– Каких-таких перемен, сударик ты мой? – огладил белоснежную бороду дед, – какие ту могут быть случаи-события?.. Разве вон Петруха Бирюк второй день тверезый, так то не событие, то через сердце, говорит, остановку два раза объявляло, еле уговорил, мол, ещё чуток постукать, хотя бы до полусотни. Всё как всегда. Ванятка Упырь вон прёт опять целую телегу пользованных веников с горбани, где сторожует, ох и разленился человек, приутямился же где побираться, при такой-то траве да кормить кролей такими обмылками, тьфу!.. Ох и мода, ну и мода, – покачал он головой на идущего мимо паренька, чьи тонюсенькие ноги были донельзя обтянуты джинсами, отчего шагалось ему нараскарячку. – Тарангуль ведь тарангулем…

– Стало быть, – развивал вопрос Куян, – ничего-то у вас здесь не пропало, никого-то здесь никто не обворовал?

– Сплюнь!

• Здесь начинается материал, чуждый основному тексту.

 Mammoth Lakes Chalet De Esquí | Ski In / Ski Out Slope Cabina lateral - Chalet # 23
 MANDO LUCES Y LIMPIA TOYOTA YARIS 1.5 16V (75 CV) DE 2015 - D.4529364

Чего воровать-то у работяг, разве соли со спины наскрести. Как ограбила последний раз советка, с мясом вырвала, так мало у кого из таких «кулацких отродий» заначка больше чем на печатку мыла, – дед досадливо пристукнул в землю клюкой, нарисовал несколько ему одному понятных знаков. – Да и приучены сызмальства не ложить лишнего на виду, ведь дальше положишь – ближе возьмёшь.

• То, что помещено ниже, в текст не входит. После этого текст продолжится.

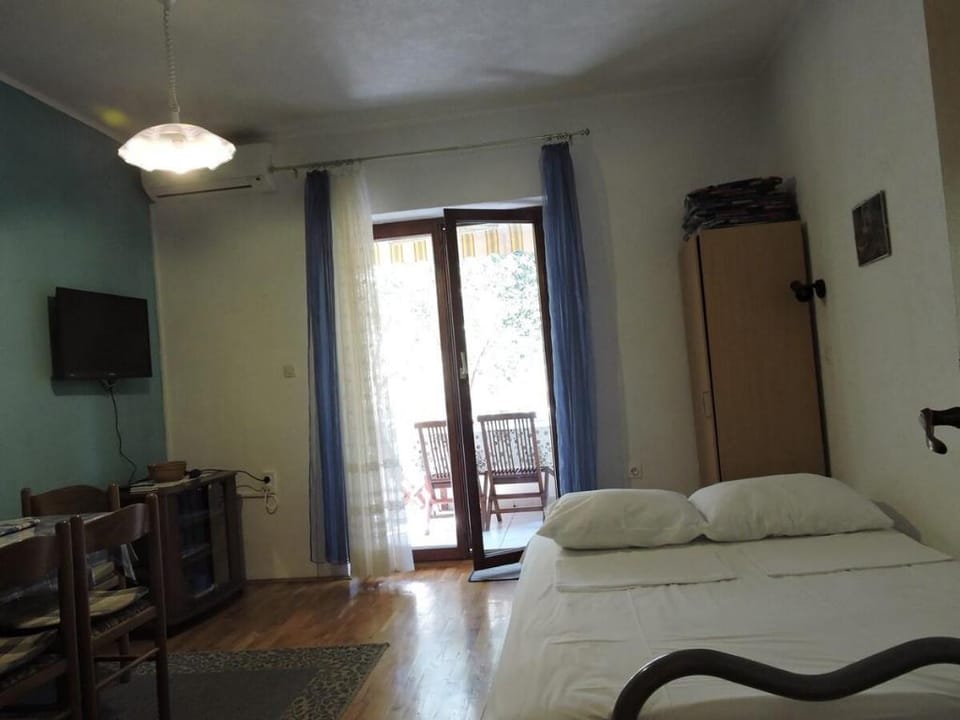 Apartments Ivanov 1 Apartment in Novalja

– Да не пыжься ты павлином, синичка убогая, – похлопал Куяна по спине Никифор, – ведь распирает, не разойдись по швам.

– И впрямь, о чём ты, сударик, чего тень на плетень-то наводишь?

– Ну, вы даёте, распред-вашу мазь, хоть в святые объявляй…

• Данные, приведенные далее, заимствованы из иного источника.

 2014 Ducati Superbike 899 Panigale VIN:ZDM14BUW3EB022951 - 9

Подошли ещё два мужика, из соседей, на вопросы Куяна также только и пожали плечами – ничего не видели, ничего не слышали – с утра на огородах. Тут на лавочку плюхнулся Василий Чеботарёв, заглазно «Жлоботарёв» – огромный, толстенный мужик, работающий шофёром-снабженцем в райсельхозтехнике. Враз стало тесно, Куян пересел на камушек.

– Мужики! – Василий то и дело отирал взмокающее лицо, отпыхивался, наполнял воздух перегаром, запахами чеснока и закисшего пота. Лавочка от его возбуждённого ёрзанья жалобно поскрипывала. Дед Мокей на всё это едва заметно поморщился. – Мужики! Это что же такое творится, мужики?! Обчистили ведь меня, как липочку, пока рыбалил на Чигалке. И баба, стервь, ни сном ни духом, и пацаны. И ведь знали скоты что брать, самое ценное хапнули – раздатку на «уазик», поршневую и коробку волговские, прокладки, два зиловских коленвала, подшипнички самые что ни на есть преходовые… Ну не сволоты ли? С «Москвича» моего и то задний мост не поленились выдрать, прямо с колёсами, с резиной и карданом. Шифера листов полста огребли! Баба клянётся, мол, утром всё было на месте. Бы-ыло, спала сволота без задних ног, а то я не знаю. Ну, я её за такую бдительность, само собой, трохи приласкал… – Василий осмотрел теплеющим взглядом кулачище и лизнул ссадину. – Может, вы, мужики, по-соседски, подсекли чего-нибудь подозрительное, может, толкнула сволота за бесценок кому-нибудь за всё-то моё хорошее, не стесняйтесь, мужики, кройте правду в матку?

Мужики переглядывались, пожимали плечами, да нет, мол, ничего такого не примечали.

– Ещё ведь хотел, дурак, на своей машине поехать, так нет, уговори-иили…

– Так заяви, Вася, пока не поздно, – чрезмерно участливо посоветовал Куян, то и дело прикашливая.

– Да несподручно, дядь Миш, побаиваюсь, у меня там кое-что без бумажек, за наличный магарыч. И ведь как знали сволоты, что брать, как навёл кто знающий. Йэ-эх, узнать бы кто, – он мечтательно осмотрел кулачище.

– Чегой-то у двора Володьки Салашного суета нехорошая, – сказал дед Мокей, вглядываясь из-под ладони вдоль улицы.

Владимира Салашного, мужика лет шестидесяти, только что вынули из петли, уже остывшего. Прощальная записка гласила: «Пракленаю пазарившихся на моё добро не бывать вам от него добру». И подпись – «В. Салашный в полной ясности ума и разумности». В предбаннике же был разворочен пол и вырыта яма метра на полтора глубиной.